Por Ángel Oropeza
Si uno clasificara a
Venezuela en tres esferas de su realidad –la económica, la social y la
política– el diagnóstico no es igual para todas. Lo económico marcha mal, y
amenaza con ponerse peor. Lo social involuciona a un ritmo de deterioro tan
vertiginoso como inédito. Solo en el campo político están ocurriendo cosas en
dirección contraria. La clave, sin embargo, está en que estos tres mundos se
mueven a velocidades diferentes.
Esta inevitable diferencia
de ritmos ha venido a convertirse hoy en una severa amenaza. Porque existe el
riesgo de que la tragedia social avance a un paso tan acelerado de
pauperización que no dé chance a que las soluciones que se están construyendo
desde la esfera política arrojen los frutos deseados. De hecho, no existe hoy
en el país un peligro mayor y más temible que el riesgo de que lo social pueda
desbordarse y no espere las respuestas que afanosamente se trabajan desde el
campo de batalla político.
Frente a esta peligrosa
amenaza, se le presentan tanto a la Mesa de la Unidad Democrática como al resto
de los venezolanos algunos retos cruciales. En el caso de la alianza, lo
primordial –aunque es más fácil escribirlo que hacerlo– es intentar darle norte
claro y cauce inteligente al inmenso sentimiento nacional de cambio. Al mismo
tiempo, hacer lo posible para que esa demanda de cambio no se frustre o se
desvíe contra la propia gente, bien sea por desesperación o por caer
involuntariamente en las trampas de un gobierno agónico necesitado de errores
contrarios que le den oxígeno.
Hoy por hoy, el partido
político más grande del país es el partido de los descontentos. Y la principal
fortaleza de la MUD es actuar como cara política del país en demanda de cambio,
como vanguardia política del descontento. Desde esa posición de vanguardia, su
preocupación prioritaria es cómo conectar con su base de apoyo, que es
precisamente la inmensa legión de descontentos y sufrientes.
No se trata de la ingenua
conseja de intentar dirigir la conflictividad social, que es precisamente la
expresión conductual del descontento. Ello no solo es políticamente
inconveniente sino además inútil, pues la conflictividad tiene su propia y
autónoma dinámica. Se trata de concebir y hacer funcionar la Unidad como el
instrumento político de la lucha social de los descontentos. Y eso pasa, entre
otras cosas, por evitar que algunos sectores de la población perciban,
equivocadamente, que hay dos luchas distintas: la política y la del descontento
callejero. La lucha es una sola, y es lograr la canalización política del
descontento, tanto para lograr el cambio de régimen como para generar las
condiciones políticas que permitan la gobernabilidad y estabilidad de la
transición.
El resto de los venezolanos
tenemos también varias tareas frente a la asincronía de los relojes político y
social. La primera es perseverar, que es muy distinto a simplemente tener
paciencia. La segunda es confiar en sus propias capacidades, fortalecidas en el
duro crisol de las adversidades. Y la tercera es no caer en las trampas del
gobierno, interesado en exacerbar a la población buscando reacciones que
justifiquen reprimir con un mínimo de justificación y legitimidad. A este
respecto, lo sucedido hace pocos días en Cumaná levanta toda clase de suspicacia.

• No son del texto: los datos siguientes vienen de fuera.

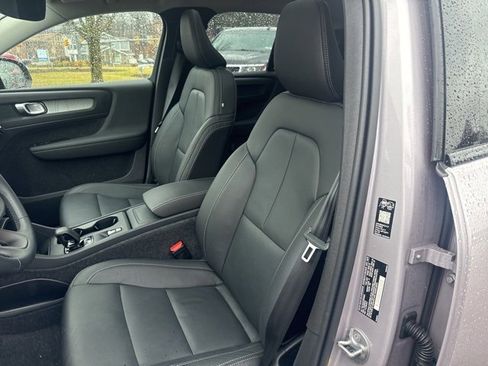 Used 2026 Volvo XC40 B5 Core w/ Climate Package image 9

Los cumaneses hablan de cómo
sujetos identificados con el oficialismo iniciaron y dirigieron los saqueos, lo
que provocó la inmediata militarización de la ciudad. El resultado de ambas
tragedias –saqueos y represión militar– ha sido la aparición de un manto de
temor colectivo que intenta arropar las expresiones de legítima indignación y
protesta. Si esta jugada no fue ideada en los oscuros laboratorios del fascismo
gobernante, lo cierto es que le ha caído de perlas.
Esto es precisamente lo que
hay que evitar: que la presión social sea utilizada para voltearla contra la
propia gente, y servir así a los propósitos de un gobierno desesperado por
cualquier excusa que le permita escapar de lo que el pueblo le tiene preparado.